BEGIN Stored data

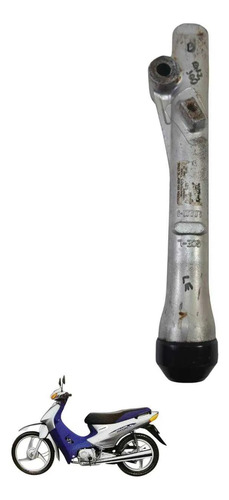 Copo Bengala  Biz 100 2000 Esquerdo 8703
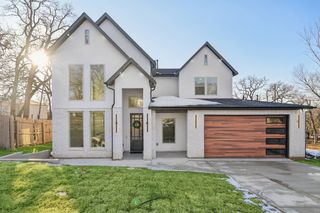 1704 Highland Drive W, Keller, TX 76262
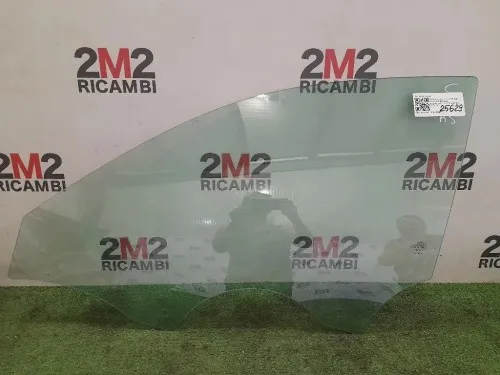 Cristallo Scendente Porta ANT SX 8V4845201A Audi A3 8VF Sportback 2016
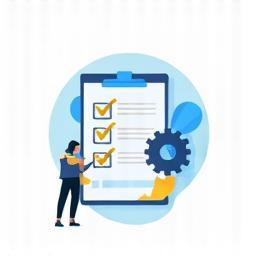 Project Management icon
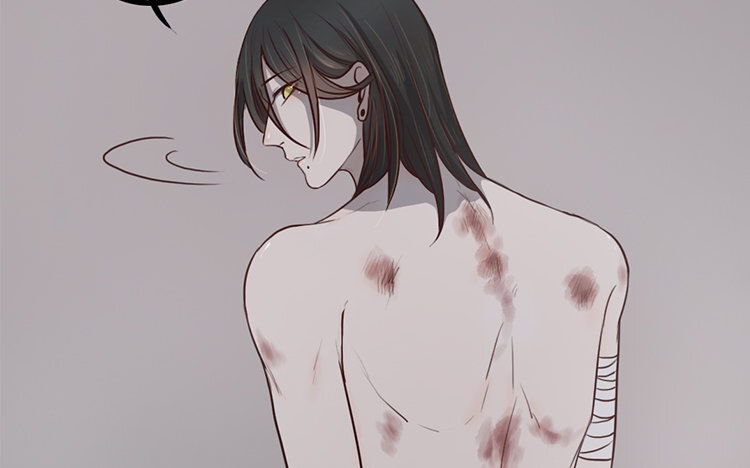 10 第09话 自私的家伙(1/2)-第10话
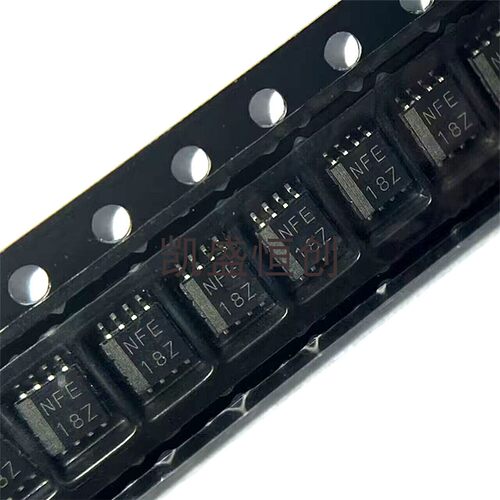 TXS0102DCTR TI SSOP8 转换器/电平移位器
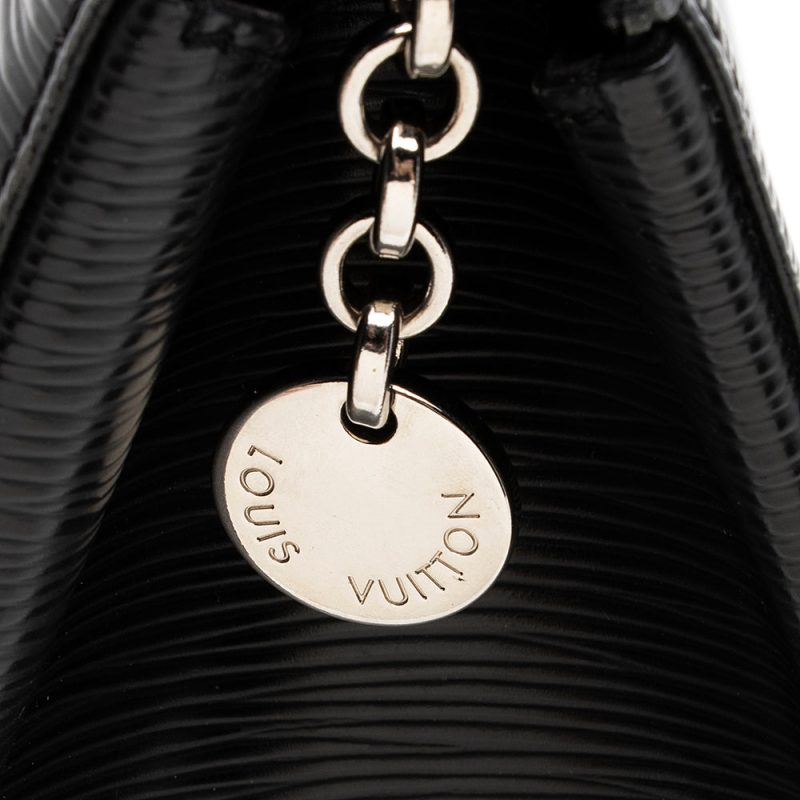 Louis Vuitton Epi Electric Brea GM Satchel (SHF-20019) - Image 13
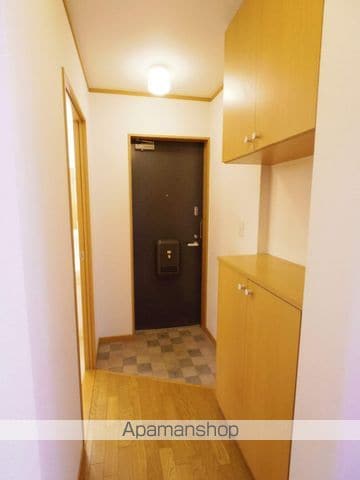 サンテラス下連雀の内装写真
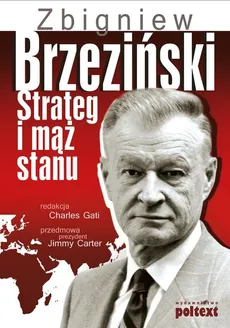 Zbigniew Brzeziński - Outlet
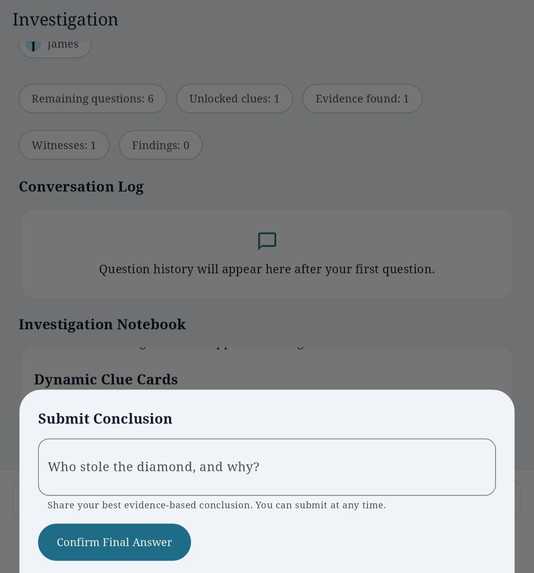 The Guide – screenshot 5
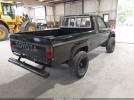 Toyota Pickup Short Bed Xtracab Vn67dlx Image 5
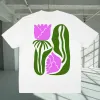 Smell T-Shirt White sold by Ivalo.com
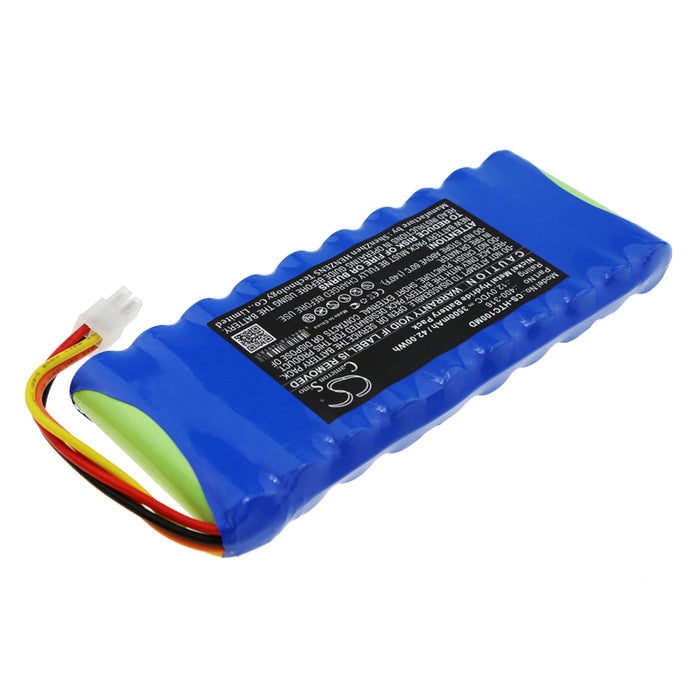 Huntleigh SC1000 Medical Replacement Battery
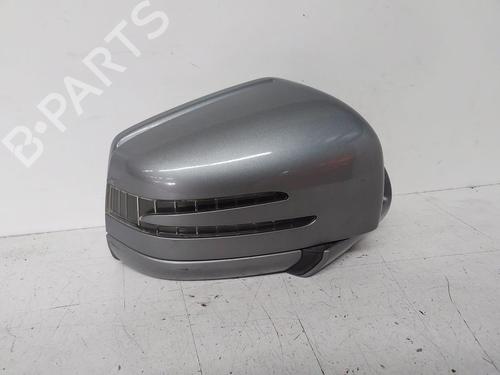 Used Right mirror MERCEDES-BENZ M-CLASS (W164) ML 350 CDI 4-matic (164.125, 164.124) (231 hp) 18600268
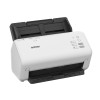 Brother | Desktop Document Scanner | ADS-4300N | Colour | Wired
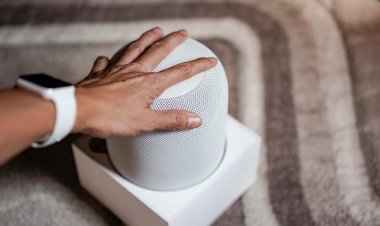HomePod bị lỗi quá nhiệt khi người dùng cập nhật lên phiên bản 15 beta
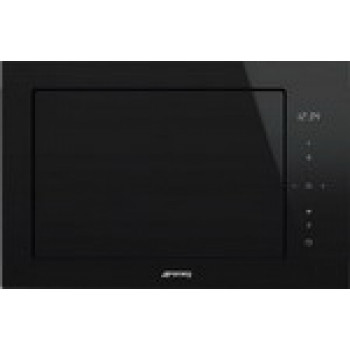 Встраиваемая микроволновая печь СВЧ Smeg FMI625CN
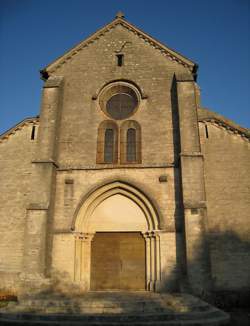 photo Concert avec le chœur des Roches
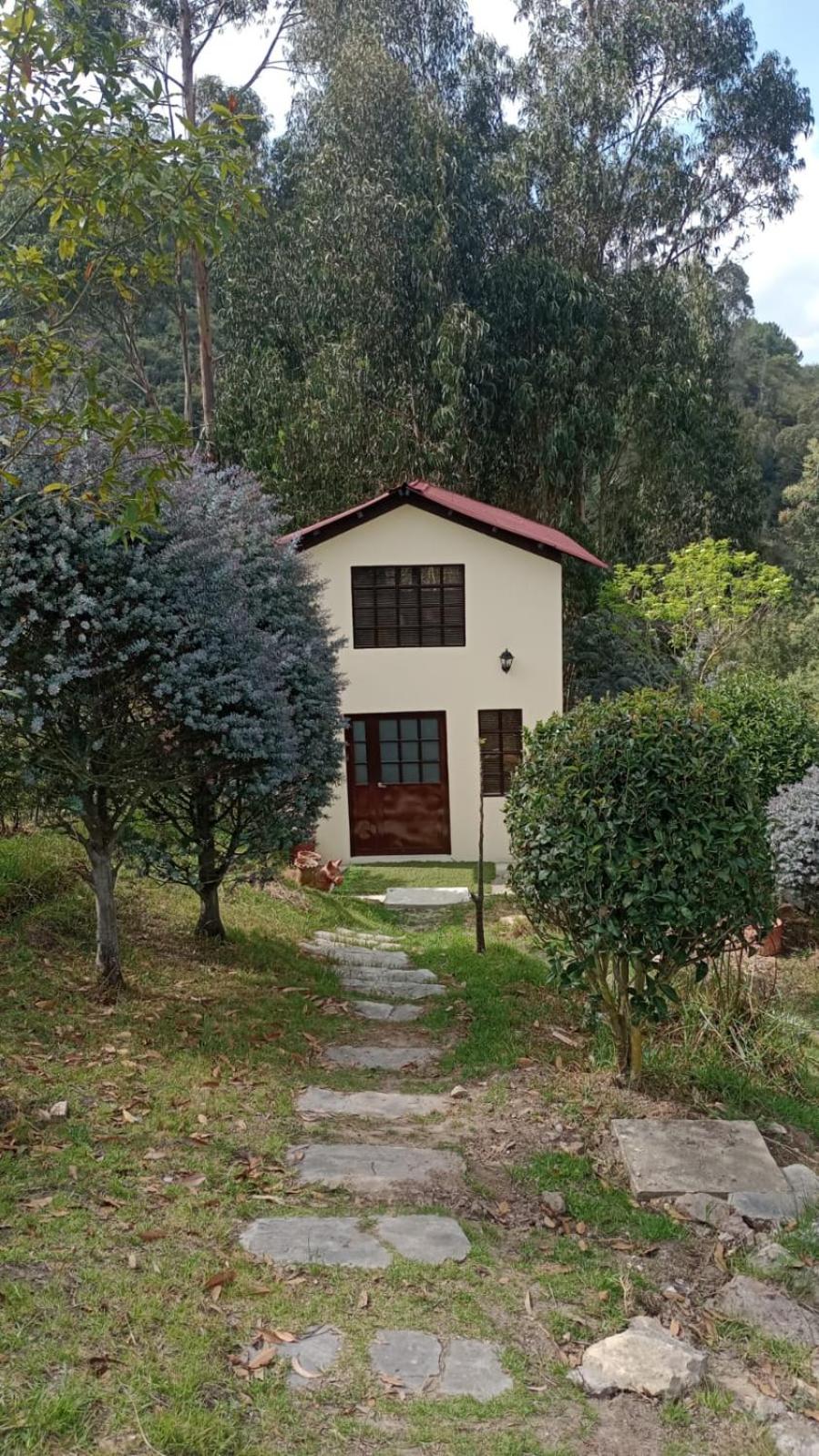 Cabaña Sopó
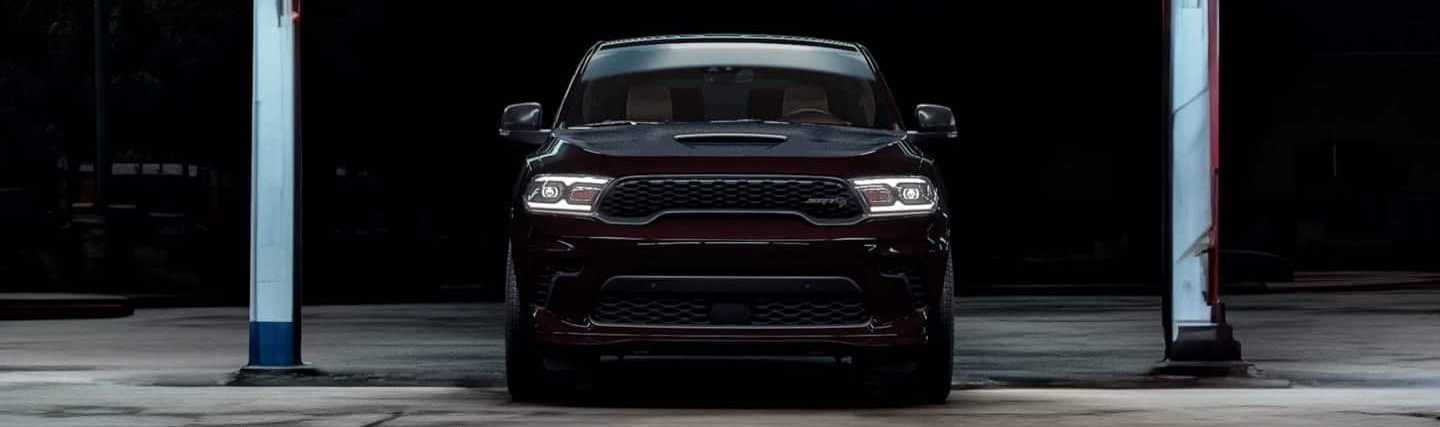 2025 Dodge Durango for Sale near Aurora, IL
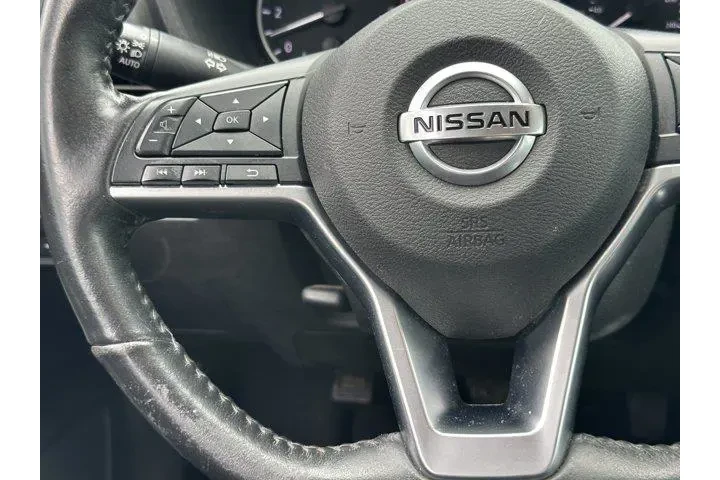 $17316 : Nissan Sentra 2023 SV 4dr Se image 7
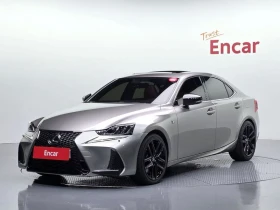 Lexus IS 2.0 Automatic F-SPORT, снимка 1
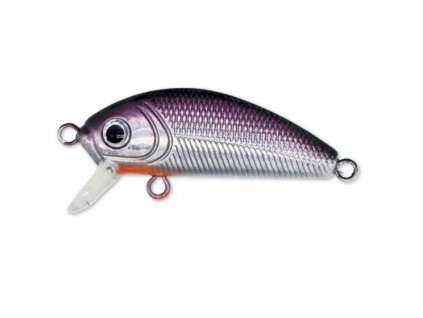 Carp Zoom Wobler Chub - 4,5 cm/3,4 g/plovoucí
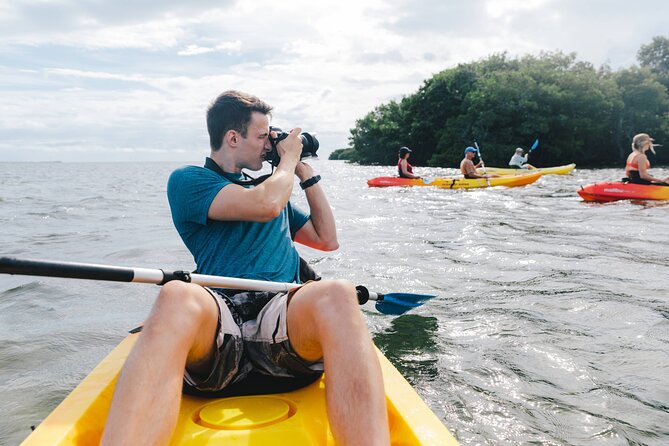 Kayak + Guided Snorkel & Morning Sail hosted by Honest Eco - Price and Value at $156: What You Pay For and Why It Adds Up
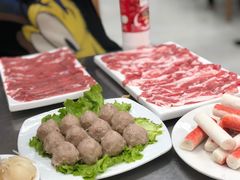 -三兴涮羊肉(荣安大街店)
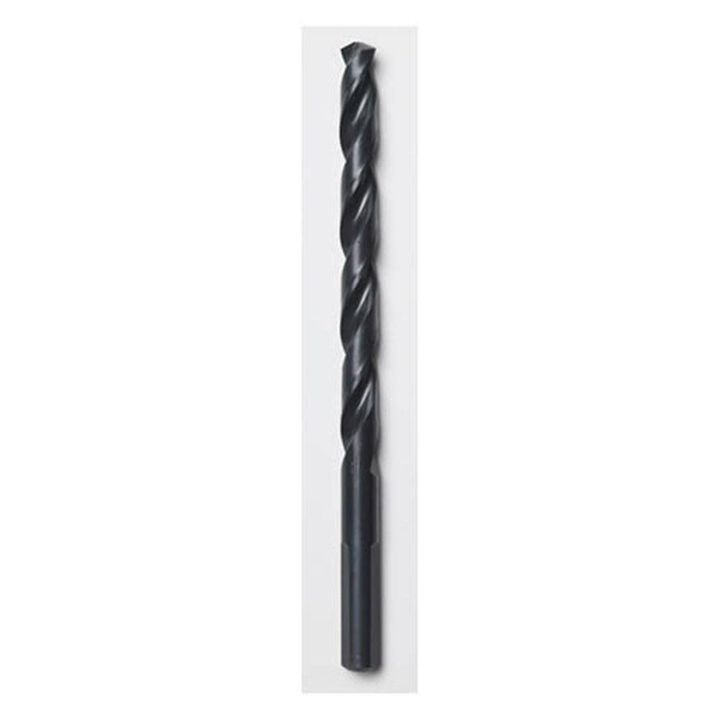 Milwaukee 13/32 In. Thunderbolt Black Oxide Drill Bit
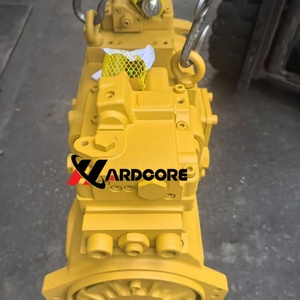 551-1122 Hydraulic <b>Pump</b> Assembly for E330gc Excavator Parts - Product Image 5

END Stored data

* Aim of the exercise *
Pictures excluded, return exactly the lines from the one with "Cabaña Sopó" through the final line of the entries above, both included.

* Exercise result *
 Cabaña Sopó
 2025 Dodge Durango for Sale near Aurora, IL
 $17316 : Nissan Sentra 2023 SV 4dr Se image 7
 Lexus IS 2.0 Automatic F-SPORT, снимка 1
 Carp Zoom Wobler Chub - 4,5 cm/3,4 g/plovoucí
 Kayak + Guided Snorkel & Morning Sail hosted by Honest Eco - Price and Value at $156: What You Pay For and Why It Adds Up
 -三兴涮羊肉(荣安大街店)
 Milwaukee 13/32 In. Thunderbolt Black Oxide Drill Bit
 551-1122 Hydraulic <b>Pump</b> Assembly for E330gc Excavator Parts - Product Image 5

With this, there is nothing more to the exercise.